On June 15, due to deterioration in its creditworthiness, Thomson agreed with bondholders to defer payment from June 17 to July 25 of $72.5 million principal on the 6.05% senior notes. By August 12, the firm had reached an agreement with the majority of its creditors for restructuring, announcing plans to reduce its gross senior debt by 45% to €1.29 billion from €2.94 billion.
This will be achieved through a €350 million rights issue and by issuing €639 million of notes mandatorily redeemable into 964 million ordinary shares in 2010 and 2011. In addition, the firm will issue up to €300 million of disposal proceeds notes maturing on December 31, 2010, to be repaid in cash with the proceeds from the disposals of media technology firms Grass Valley and PRN, and cinema advertising company Screenvision. The restructuring will also provide for €400 million to remain on Thomson’s balance sheet.
Thomson’s restructuring plans depend on “the extent to which additional creditors’ support is obtained”, the firm said. Deutsche Bank, which holds a large amount of bilateral private placement notes, is considered the “most significant” creditor. Discussions are under way with the bank about its participation in the restructuring. The firm declined to comment on the progress of these talks. An extraordinary general meeting to approve the restructuring plans is planned for the fourth quarter.

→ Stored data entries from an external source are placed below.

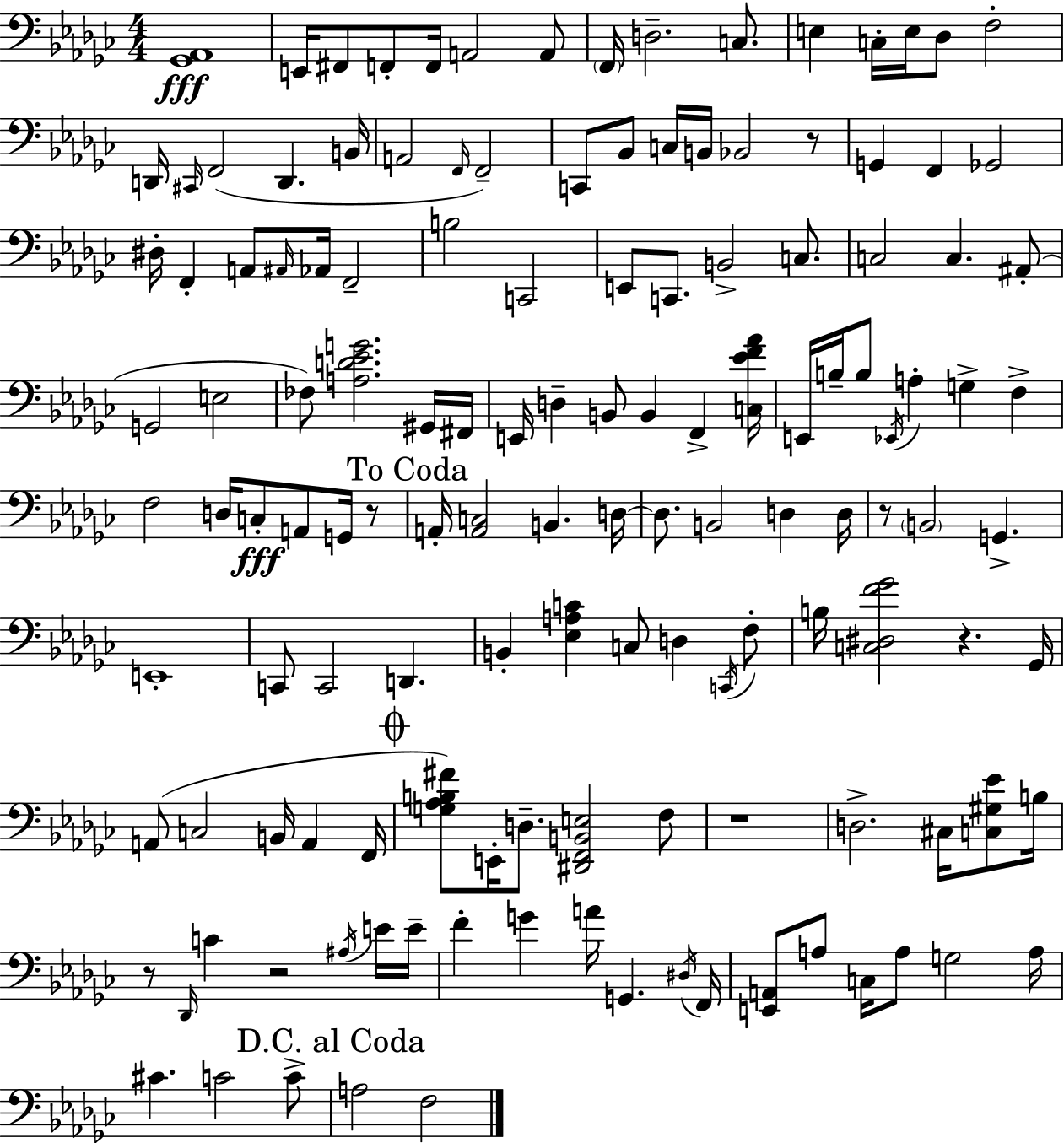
[Gb2,Ab2]/w E2/s F#2/e F2/e F2/s A2/h A2/e F2/s D3/h. C3/e. E3/q C3/s E3/s Db3/e F3/h D2/s C#2/s F2/h D2/q. B2/s A2/h F2/s F2/h C2/e Bb2/e C3/s B2/s Bb2/h R/e G2/q F2/q Gb2/h D#3/s F2/q A2/e A#2/s Ab2/s F2/h B3/h C2/h E2/e C2/e. B2/h C3/e. C3/h C3/q. A#2/e G2/h E3/h FES3/e [A3,D4,Eb4,G4]/h. G#2/s F#2/s E2/s D3/q B2/e B2/q F2/q [C3,Eb4,F4,Ab4]/s E2/s B3/s B3/e Eb2/s A3/q G3/q F3/q F3/h D3/s C3/e A2/e G2/s R/e A2/s [A2,C3]/h B2/q. D3/s D3/e. B2/h D3/q D3/s R/e B2/h G2/q. E2/w C2/e C2/h D2/q. B2/q [Eb3,A3,C4]/q C3/e D3/q C2/s F3/e B3/s [C3,D#3,F4,Gb4]/h R/q. Gb2/s A2/e C3/h B2/s A2/q F2/s [G3,Ab3,B3,F#4]/e E2/s D3/e. [D#2,F2,B2,E3]/h F3/e R/w D3/h. C#3/s [C3,G#3,Eb4]/e B3/s R/e Db2/s C4/q R/h A#3/s E4/s E4/s F4/q G4/q A4/s G2/q. D#3/s F2/s [E2,A2]/e A3/e C3/s A3/e G3/h A3/s C#4/q. C4/h C4/e A3/h F3/h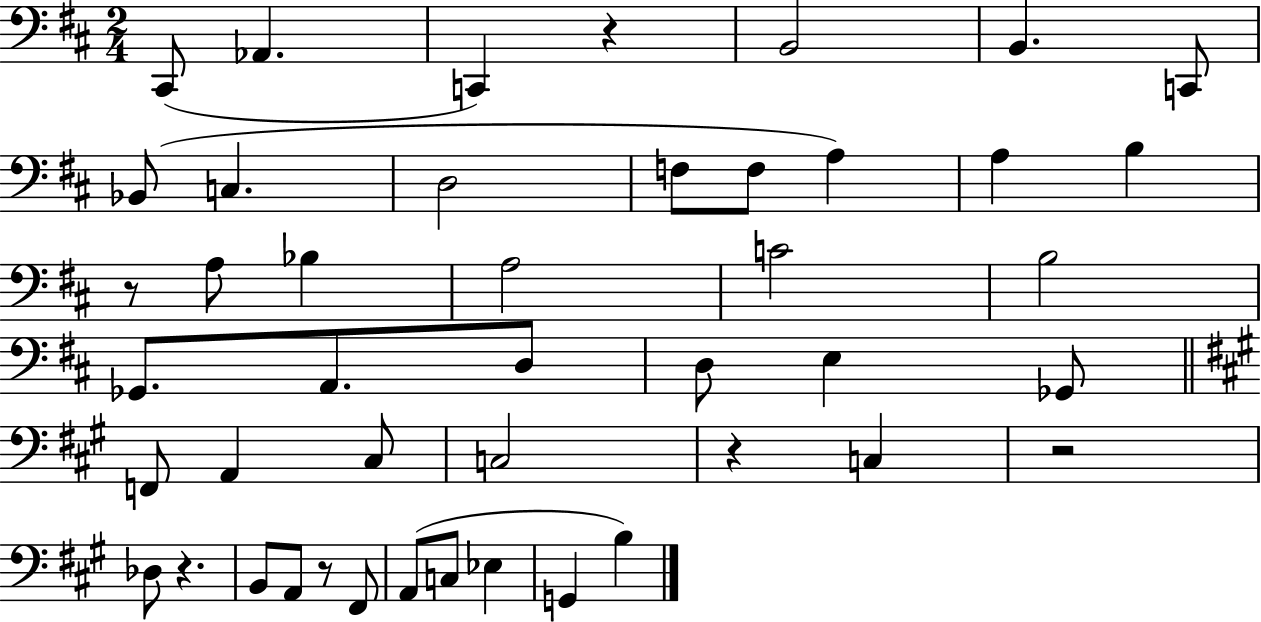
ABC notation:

X:1
T:Untitled
M:2/4
L:1/4
K:D
^C,,/2 _A,, C,, z B,,2 B,, C,,/2 _B,,/2 C, D,2 F,/2 F,/2 A, A, B, z/2 A,/2 _B, A,2 C2 B,2 _G,,/2 A,,/2 D,/2 D,/2 E, _G,,/2 F,,/2 A,, ^C,/2 C,2 z C, z2 _D,/2 z B,,/2 A,,/2 z/2 ^F,,/2 A,,/2 C,/2 _E, G,, B,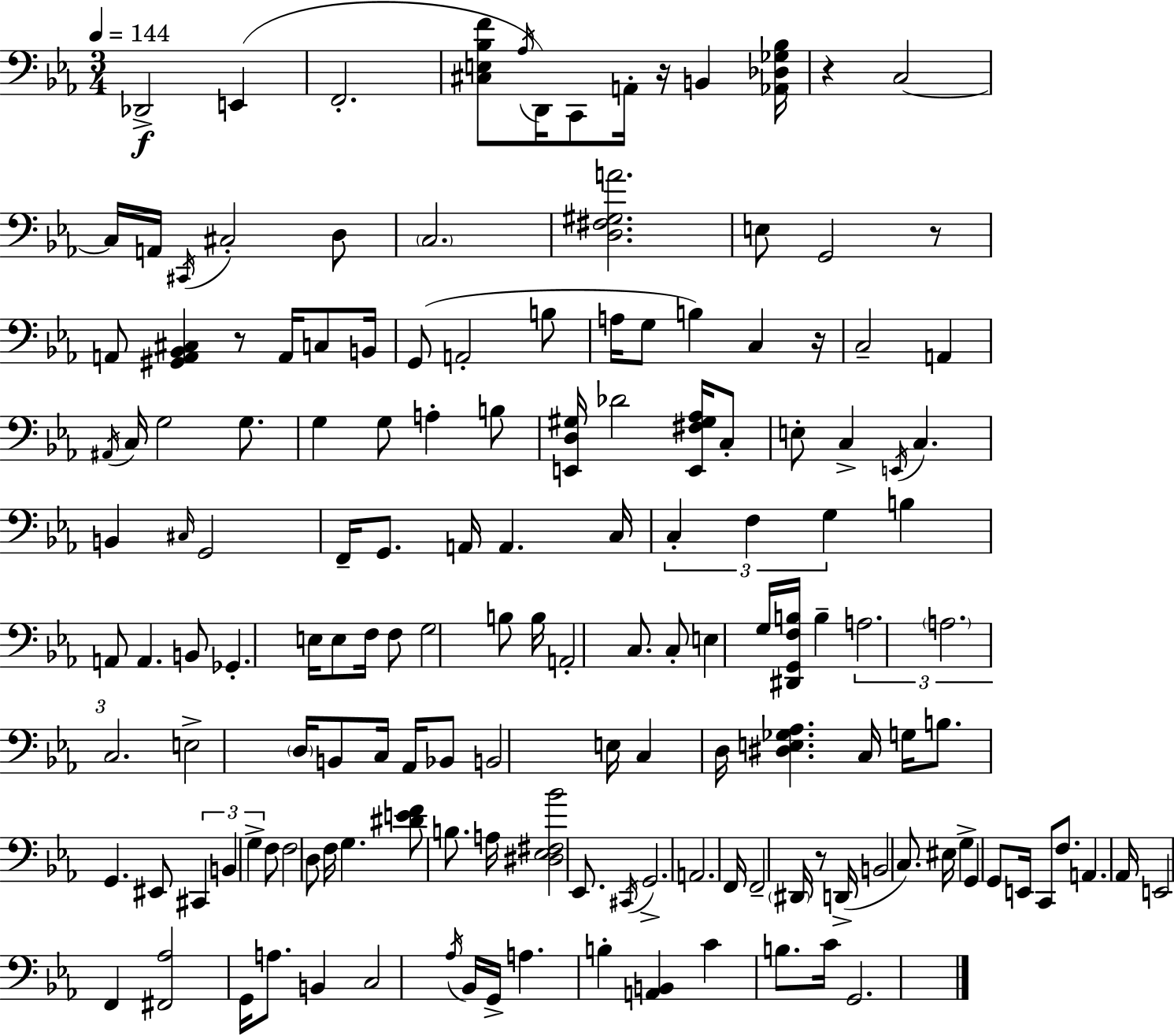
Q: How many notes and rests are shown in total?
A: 153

The date of the auction or auctions has yet to be decided, and will depend on how many contracts are triggered in each bucket, which itself is dependant on which obligations are deliverable, an official at Isda said.
The last time a restructuring credit event occurred was in June 2002, when Xerox announced a renegotiation of $7 billion of loans outstanding under a fully-drawn revolving credit facility due in October 2002.
Isda’s Small Bang, which was launched on July 14, provides a new protocol for restructuring. Previously, in Europe, if a protection buyer triggered a CDS after a restructuring, the maturity of the bonds that could be delivered to the seller was restricted to the longer of five years and the remaining maturity of the contract for restructured obligations, and two-and-a-half years and the remaining maturity of the contract for non-restructured obligations. If the protection seller triggered the contract, bonds could be delivered with a remaining maturity of up to 30 years.
Under the Small Bang, the number of maturity buckets was increased to eight – market participants could opt to cash settle by referencing the auction result of the relevant bucket, or decide to physically settle with bonds or loans that fall within the bucket.
Isda’s Big Bang established determinations committees for five geographical areas: the Americas, EMEA, Japan, Asia excluding Japan, and Australia and New Zealand. The committees each consist of 10 dealers – nine of which are present on all five panels – selected by credit derivatives trading volumes, and five buy-side firms.